## YOUR ASSIGNMENT
Tally every line in the data that has the word "What" and report only the total.

## Short web captions
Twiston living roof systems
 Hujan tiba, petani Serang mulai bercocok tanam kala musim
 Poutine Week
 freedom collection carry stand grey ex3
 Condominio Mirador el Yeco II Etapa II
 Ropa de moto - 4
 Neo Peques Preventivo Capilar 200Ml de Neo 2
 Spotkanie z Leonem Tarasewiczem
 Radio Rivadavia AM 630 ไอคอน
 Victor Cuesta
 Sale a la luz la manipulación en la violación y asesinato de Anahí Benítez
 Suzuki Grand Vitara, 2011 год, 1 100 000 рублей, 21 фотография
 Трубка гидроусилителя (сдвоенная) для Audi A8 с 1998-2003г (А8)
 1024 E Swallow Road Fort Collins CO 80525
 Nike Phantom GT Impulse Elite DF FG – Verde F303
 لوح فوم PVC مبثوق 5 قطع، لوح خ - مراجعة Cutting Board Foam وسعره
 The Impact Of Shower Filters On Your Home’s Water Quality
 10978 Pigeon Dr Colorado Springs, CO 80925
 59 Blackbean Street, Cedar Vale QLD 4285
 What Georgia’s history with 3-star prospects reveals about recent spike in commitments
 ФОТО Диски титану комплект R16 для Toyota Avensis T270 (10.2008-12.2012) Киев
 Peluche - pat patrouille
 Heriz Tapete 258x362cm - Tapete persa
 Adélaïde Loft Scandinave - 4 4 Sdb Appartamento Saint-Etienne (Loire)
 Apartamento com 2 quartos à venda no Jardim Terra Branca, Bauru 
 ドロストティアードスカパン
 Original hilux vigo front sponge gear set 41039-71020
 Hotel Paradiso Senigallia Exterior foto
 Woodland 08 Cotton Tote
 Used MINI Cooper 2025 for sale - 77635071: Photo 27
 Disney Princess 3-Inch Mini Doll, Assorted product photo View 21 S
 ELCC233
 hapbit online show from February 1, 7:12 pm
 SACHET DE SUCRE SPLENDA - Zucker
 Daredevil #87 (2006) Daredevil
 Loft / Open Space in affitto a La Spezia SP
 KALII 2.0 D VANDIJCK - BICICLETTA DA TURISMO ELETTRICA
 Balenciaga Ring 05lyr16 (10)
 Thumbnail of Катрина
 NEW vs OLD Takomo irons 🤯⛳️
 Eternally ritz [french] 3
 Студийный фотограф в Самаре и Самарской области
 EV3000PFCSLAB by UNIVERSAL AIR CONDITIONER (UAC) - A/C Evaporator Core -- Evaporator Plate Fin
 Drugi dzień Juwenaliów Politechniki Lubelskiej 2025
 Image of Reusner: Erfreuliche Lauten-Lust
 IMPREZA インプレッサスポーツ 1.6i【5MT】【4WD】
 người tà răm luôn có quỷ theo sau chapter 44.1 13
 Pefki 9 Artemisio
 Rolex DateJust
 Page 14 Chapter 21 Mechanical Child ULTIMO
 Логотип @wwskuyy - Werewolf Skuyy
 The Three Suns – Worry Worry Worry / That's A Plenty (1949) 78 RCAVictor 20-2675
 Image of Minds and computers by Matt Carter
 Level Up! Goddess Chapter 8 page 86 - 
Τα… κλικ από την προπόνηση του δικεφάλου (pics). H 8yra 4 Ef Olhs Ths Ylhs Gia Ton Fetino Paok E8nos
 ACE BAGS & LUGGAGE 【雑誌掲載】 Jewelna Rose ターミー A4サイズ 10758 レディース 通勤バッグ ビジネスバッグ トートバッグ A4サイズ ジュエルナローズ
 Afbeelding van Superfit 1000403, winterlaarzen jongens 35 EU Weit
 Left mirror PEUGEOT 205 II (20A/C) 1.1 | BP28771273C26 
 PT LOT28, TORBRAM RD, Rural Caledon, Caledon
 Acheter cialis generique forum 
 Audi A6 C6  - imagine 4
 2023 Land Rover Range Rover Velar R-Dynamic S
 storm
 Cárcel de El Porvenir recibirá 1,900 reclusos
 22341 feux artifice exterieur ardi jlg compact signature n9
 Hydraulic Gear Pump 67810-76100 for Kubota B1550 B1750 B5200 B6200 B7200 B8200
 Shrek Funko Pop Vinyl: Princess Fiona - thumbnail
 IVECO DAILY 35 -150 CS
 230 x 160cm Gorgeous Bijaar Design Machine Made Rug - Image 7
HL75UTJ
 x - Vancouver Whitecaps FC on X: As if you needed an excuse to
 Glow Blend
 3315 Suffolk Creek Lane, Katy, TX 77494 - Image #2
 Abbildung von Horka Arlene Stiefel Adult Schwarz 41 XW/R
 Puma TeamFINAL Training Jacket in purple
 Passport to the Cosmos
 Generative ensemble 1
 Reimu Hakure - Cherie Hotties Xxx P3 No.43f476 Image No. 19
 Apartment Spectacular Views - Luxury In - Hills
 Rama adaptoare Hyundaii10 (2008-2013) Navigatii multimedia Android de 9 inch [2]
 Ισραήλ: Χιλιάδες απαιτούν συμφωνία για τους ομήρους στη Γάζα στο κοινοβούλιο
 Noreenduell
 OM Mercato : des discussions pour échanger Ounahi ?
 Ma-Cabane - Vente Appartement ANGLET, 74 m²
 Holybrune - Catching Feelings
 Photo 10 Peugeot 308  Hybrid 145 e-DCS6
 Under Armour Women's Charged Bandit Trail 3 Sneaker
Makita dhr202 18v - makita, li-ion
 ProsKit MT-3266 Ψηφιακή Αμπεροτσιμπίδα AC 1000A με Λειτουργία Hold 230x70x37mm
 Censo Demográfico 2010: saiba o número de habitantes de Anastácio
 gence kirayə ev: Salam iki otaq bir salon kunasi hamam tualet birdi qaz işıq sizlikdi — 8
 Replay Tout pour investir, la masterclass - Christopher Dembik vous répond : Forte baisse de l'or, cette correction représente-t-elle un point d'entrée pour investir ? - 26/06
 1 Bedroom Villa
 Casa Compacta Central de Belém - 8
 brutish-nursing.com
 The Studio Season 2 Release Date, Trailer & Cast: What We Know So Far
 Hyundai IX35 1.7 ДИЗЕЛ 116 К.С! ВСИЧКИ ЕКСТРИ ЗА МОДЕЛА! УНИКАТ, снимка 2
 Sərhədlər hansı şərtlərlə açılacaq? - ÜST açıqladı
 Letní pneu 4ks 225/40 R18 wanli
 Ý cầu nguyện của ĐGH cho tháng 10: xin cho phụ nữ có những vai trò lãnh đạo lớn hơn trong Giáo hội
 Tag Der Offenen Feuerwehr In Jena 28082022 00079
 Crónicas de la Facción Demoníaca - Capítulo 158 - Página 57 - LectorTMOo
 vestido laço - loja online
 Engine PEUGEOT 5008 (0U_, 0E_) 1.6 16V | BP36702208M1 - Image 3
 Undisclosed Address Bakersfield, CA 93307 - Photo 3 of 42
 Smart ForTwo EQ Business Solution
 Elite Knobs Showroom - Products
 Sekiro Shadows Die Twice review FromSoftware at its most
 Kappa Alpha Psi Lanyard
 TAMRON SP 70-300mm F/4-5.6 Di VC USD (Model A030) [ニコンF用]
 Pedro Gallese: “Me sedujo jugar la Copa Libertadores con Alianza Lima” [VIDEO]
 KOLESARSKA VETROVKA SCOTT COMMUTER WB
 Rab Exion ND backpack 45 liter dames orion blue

## EXERCISE RESPONSE
2